I. Der Antrag auf Durchführung eines Spruchverfahrens wird als unzulässig verworfen.
II. Die Antragsgegnerin trägt die Gerichtskosten. Außergerichtliche Kosten werden nicht erstattet.
III. Der Geschäftswert wird auf € 200.000,- festgesetzt.

Gründe

I.
1
1. Zwischen der Antragsgegnerin als herrschender Gesellschaft und der B… AG (im Folgenden auch: die Gesellschaft) als beherrschter Gesellschaft besteht ein Ergebnisabführungsvertrag, aufgrund dessen die Antragsgegnerin an die außenstehenden Aktionäre den mit Beschluss des Landgerichts München I vom 14.2.2024, Az. 5HK O 16505/08 auf € 0,74 je Stückaktie festgesetzten Ausgleich zu zahlen hat.

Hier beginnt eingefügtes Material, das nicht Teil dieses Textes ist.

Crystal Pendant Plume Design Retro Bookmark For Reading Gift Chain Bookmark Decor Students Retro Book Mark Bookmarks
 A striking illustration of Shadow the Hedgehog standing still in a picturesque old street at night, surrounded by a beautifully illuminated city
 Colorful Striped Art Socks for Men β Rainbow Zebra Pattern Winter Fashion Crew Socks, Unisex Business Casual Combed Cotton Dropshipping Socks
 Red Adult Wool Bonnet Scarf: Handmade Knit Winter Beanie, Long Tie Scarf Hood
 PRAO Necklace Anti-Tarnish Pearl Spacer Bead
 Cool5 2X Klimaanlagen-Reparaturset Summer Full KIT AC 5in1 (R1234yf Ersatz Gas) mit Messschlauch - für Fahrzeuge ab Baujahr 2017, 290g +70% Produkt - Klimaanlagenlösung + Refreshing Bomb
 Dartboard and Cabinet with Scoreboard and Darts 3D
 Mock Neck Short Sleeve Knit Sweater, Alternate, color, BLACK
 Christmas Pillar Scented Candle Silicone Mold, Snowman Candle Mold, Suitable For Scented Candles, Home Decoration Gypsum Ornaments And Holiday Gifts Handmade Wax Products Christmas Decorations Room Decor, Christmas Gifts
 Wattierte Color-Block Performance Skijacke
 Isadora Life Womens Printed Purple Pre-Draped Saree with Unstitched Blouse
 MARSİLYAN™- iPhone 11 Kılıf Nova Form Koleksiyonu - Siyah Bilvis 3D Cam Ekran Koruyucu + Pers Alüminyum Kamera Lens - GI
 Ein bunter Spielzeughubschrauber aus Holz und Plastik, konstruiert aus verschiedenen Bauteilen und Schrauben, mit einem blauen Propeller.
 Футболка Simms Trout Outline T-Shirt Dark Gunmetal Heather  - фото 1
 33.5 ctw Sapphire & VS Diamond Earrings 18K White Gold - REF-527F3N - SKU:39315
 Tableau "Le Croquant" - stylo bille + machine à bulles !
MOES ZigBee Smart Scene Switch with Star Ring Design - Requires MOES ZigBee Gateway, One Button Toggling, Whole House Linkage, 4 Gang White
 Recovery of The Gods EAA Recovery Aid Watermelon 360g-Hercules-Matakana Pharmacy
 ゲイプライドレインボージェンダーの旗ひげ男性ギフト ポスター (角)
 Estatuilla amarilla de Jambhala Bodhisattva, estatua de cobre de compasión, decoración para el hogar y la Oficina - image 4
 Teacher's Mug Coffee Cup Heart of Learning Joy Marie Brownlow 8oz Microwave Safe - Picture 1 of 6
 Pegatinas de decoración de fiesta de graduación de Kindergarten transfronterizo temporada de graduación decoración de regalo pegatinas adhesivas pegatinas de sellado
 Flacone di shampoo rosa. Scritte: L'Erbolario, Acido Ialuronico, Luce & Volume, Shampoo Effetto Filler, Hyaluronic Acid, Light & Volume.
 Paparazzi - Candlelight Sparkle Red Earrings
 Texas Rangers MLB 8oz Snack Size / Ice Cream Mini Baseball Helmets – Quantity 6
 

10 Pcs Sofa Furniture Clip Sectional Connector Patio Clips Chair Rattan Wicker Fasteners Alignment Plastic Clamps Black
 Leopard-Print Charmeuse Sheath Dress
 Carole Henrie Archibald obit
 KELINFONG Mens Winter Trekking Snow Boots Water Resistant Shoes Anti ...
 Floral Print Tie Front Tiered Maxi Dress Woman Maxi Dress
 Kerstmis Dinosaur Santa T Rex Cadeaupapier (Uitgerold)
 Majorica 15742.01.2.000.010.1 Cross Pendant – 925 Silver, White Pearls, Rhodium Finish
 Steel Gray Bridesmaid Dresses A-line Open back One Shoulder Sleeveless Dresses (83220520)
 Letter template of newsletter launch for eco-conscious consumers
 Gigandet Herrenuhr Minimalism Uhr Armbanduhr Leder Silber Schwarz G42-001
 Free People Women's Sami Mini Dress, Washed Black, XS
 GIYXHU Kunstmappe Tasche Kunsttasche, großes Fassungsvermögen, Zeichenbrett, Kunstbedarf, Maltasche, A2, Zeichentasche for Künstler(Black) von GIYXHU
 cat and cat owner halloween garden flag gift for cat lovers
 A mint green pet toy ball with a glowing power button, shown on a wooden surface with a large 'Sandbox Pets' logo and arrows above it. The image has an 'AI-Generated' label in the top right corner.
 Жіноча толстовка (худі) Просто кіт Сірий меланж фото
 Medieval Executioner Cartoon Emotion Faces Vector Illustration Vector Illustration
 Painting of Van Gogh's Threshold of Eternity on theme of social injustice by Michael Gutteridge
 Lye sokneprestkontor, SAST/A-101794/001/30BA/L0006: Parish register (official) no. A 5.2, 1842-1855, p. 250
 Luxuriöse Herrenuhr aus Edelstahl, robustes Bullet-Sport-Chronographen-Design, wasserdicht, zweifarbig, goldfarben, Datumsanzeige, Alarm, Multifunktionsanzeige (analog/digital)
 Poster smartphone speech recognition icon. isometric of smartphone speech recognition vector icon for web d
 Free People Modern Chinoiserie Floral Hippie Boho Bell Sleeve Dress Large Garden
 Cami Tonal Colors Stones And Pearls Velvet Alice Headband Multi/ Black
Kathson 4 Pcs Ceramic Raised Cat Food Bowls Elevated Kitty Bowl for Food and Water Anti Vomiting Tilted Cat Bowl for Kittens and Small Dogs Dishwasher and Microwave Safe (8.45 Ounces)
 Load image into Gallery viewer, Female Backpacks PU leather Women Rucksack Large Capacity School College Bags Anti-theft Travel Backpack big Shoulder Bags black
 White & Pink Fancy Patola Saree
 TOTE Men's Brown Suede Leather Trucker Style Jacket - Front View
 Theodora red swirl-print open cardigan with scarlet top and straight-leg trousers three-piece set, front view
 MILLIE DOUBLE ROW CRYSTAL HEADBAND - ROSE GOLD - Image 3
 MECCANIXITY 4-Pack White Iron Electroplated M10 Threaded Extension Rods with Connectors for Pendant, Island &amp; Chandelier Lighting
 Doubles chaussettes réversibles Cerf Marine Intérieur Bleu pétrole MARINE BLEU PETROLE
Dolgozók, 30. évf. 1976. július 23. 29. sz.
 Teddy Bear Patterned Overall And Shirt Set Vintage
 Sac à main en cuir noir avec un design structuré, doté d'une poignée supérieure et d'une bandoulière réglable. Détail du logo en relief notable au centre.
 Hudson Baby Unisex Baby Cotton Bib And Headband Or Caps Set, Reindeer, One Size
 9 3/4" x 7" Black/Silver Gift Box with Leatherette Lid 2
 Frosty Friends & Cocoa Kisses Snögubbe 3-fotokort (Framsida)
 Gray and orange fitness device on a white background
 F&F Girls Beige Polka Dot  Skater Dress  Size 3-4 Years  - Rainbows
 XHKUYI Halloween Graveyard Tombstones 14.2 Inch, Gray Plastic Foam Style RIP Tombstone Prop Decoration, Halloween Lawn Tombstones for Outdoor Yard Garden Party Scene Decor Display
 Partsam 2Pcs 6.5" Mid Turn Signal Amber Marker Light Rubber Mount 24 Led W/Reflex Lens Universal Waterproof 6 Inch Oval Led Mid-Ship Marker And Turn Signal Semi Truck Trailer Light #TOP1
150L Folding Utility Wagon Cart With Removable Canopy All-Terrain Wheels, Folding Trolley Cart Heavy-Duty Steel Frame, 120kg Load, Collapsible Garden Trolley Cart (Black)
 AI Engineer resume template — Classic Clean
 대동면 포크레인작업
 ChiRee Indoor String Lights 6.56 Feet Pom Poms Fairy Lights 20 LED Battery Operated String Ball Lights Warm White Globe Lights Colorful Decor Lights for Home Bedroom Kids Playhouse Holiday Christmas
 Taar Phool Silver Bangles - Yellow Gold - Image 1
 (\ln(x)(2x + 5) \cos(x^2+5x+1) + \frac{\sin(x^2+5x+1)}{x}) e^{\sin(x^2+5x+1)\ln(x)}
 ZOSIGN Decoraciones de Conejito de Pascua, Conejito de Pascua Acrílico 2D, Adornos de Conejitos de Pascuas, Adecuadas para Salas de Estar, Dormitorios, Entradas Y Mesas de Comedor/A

Der Vertrag sieht eine Anpassung des ‚Ausgleichs nur für den Fall von Kapitalveränderungen vor‘.
2
Die Antragstellerin hält seit dem 9.11.2018 80.000 nennwertlose Inhaberaktien der über ein Grundkapital von € 5.200.000,- verfügenden B… AG, denen Geschäftstätigkeit vor allem im Erwerb, der Vermietung sowie der Verwaltung von Einzelhandelsobjekten liegt, wobei es sich dabei vor allem um Fachmarktzentren und SB-Märkte im süddeutschen Raum handelt.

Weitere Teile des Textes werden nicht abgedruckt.